AM is highly versatile and increasingly being used for production of custom craniofacial implants of metals and polymers, although they are the two classes of biomaterials mainly used, as they provide appropriate structural replacement of the damaged/diseased craniofacial bone tissue, they still suffer from several limitations. Specifically, they are both classified as bioinert, and in the case of metallic implants, they often lead to stress shielding phenomena with the host tissue. In this work, the current state of the art towards the development of composite-based implants and also their processing via AM have been reviewed. The main focus was dedicated to polymeric based composites reinforced with a ceramic phase. According to the findings reported in the recent literature, through the use of composites, and by adjusting the component ratios of the main phases, it is possible to achieve an adequate balance in terms of physico-chemical, mechanical and biological properties.

Currently available in vivo studies, by using animal models have shown that the inclusion of HA in polymeric composites, especially PEEK, attains a material with adequate strength and most importantly with bioactive properties. Thus, PEEK/HA composites can be considered promising candidates for the development of craniofacial implants.
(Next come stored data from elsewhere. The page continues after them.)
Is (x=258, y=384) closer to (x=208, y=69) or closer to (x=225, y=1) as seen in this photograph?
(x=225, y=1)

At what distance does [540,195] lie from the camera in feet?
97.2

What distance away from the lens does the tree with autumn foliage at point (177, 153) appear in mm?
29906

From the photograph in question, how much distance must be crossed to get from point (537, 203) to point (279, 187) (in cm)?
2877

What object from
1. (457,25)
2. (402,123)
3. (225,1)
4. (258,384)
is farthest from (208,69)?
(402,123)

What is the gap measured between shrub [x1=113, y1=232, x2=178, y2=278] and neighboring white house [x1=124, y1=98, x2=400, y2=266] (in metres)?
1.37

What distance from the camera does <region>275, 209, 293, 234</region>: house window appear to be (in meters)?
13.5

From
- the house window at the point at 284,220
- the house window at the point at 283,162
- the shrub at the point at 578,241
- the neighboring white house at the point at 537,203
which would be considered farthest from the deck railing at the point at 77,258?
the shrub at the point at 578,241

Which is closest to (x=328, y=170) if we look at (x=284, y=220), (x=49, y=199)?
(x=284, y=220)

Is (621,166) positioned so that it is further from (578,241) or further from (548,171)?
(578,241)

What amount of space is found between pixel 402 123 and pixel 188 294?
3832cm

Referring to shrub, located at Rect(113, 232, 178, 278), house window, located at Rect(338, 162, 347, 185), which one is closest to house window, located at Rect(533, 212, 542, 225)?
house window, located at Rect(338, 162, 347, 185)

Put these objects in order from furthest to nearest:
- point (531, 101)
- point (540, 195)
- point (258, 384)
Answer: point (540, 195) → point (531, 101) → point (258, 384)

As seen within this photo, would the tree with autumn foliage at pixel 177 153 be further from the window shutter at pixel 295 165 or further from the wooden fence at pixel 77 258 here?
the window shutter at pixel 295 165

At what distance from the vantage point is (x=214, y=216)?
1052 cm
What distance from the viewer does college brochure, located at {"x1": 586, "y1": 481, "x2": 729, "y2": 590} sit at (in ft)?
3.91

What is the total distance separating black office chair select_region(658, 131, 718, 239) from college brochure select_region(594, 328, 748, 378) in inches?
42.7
Regarding the opportunity to produce customised implants in the clinical setting, the major barriers towards the adoption of AM are no longer technological but rather relate to understanding the clinical effectiveness. Long-term follow-up studies on differences in success rates between different composite-based materials additively manufactured are needed toward their potential clinical application as implants. More work must be done to understand the tolerances and requirements of AM implants in a clinical setting as well as understanding the long-term implications of implanted AM parts in vivo. Also, materials’ developers should direct efforts not only to achieve adequate biological and mechanical properties but also their easy processability via AM. From a technological development point of view, the prospects of manufacturing composites for PSIs is encouraging and further research should be addressed towards in vivo tests, clinical trials and regulatory approvals to incorporate into standard clinical practice. According to the United Nations, the population above 60 years is rising and would double by 2050. This will in turn increase the demands for custom implants. In the future, the high demand of customised implants may require implant manufacturing unit in every orthopaedic hospital to produce implant on-site rather than outsourcing and AM would be the manufacturing technology of choice for implants serving the patient’s needs and demands. As this demand for patient-specific implants increases, the need to democratise the design and manufacture of them will become more pressing. Point of care manufacturing is already becoming a reality in several leading hospitals worldwide. These highly integrated care facilities are demonstrating the impact of bringing together material scientists, clinicians, biomedical engineers and computer scientists to produce truly personalised care for patients. Personalised design of implants ensures the best outcomes for the patient over the lifetime of the implant. Lowering overall costs of such interventions allows the broader adoption of this approach, maximising the impact.